With our means of choosing transmitted variants as true positives, it is possible that the additional transmitted variants in GATK relative to DeepVariant are merely false positives shared between parent and child. Yun et al. found that while GATK makes more calls than DeepVariant, DeepVariant actually has a higher recall, indicating that many of the extra GATK calls are actually potential false positives14.

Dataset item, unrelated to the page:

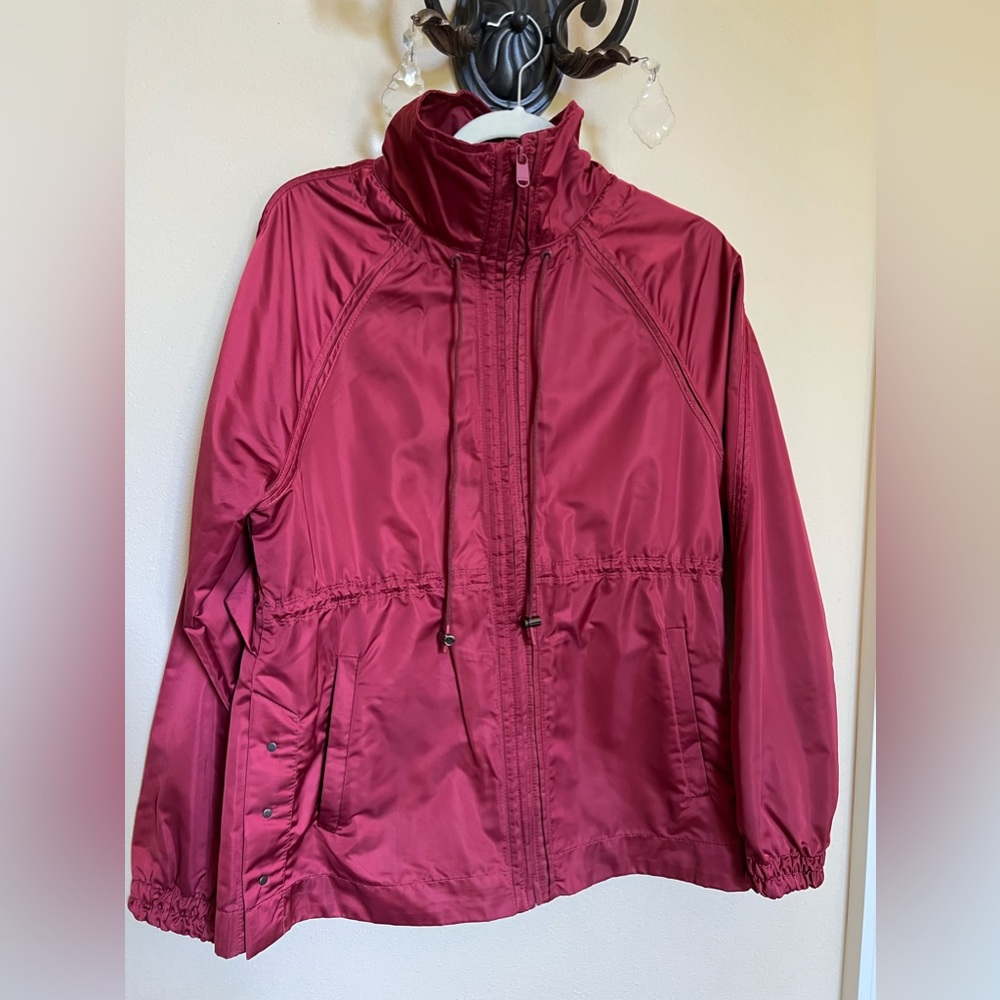 Gorgeous Athleta Raspberry Maroon Mid-weight Rain Jacket - Picture 7 of 16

Based on the analysis in Supplementary Figs. 3–10, we decided to use the same AB and GQ thresholds for genomes as for exomes. We found that, for each candidate variant, requiring at least ten aligned sequences in all members of the trio and excluding low-complexity regions3,9 retained most transmitted variants and removed a large percentage of Mendelian violations reported when no sequencing depth requirement was enforced across cohorts and tools (Supplementary Figs. 7–10). Mendelian violation rates increase when variants in low-complexity regions are included (Supplementary Figs. 3–6 vs. 7–10). Projects with higher coverage or different accuracy requirements may raise or lower the depth threshold, but we considered this to be an acceptable trade-off. We validated that these thresholds were effective in an independent cohort of whole genomes with diverse ancestry revealed by PCA analysis with Peddy15 (see Supplementary Fig. 11). In addition, we performed an additional evaluation using the Genome-in-a-Bottle’s (GiaB) set of high-quality variant calls16 to show that each of our genotype, allele-balance, and depth thresholds removed false-positive calls and retained true-positive calls in an independent evaluation set (Supplementary Fig. 12). Specifically, the chosen GQ cutoff alone would remove >80% of false positives and retain >99% of true positives in GiaB. The depth and AB cutoffs would each remove about 20% of false positives and retain >99% of true positives.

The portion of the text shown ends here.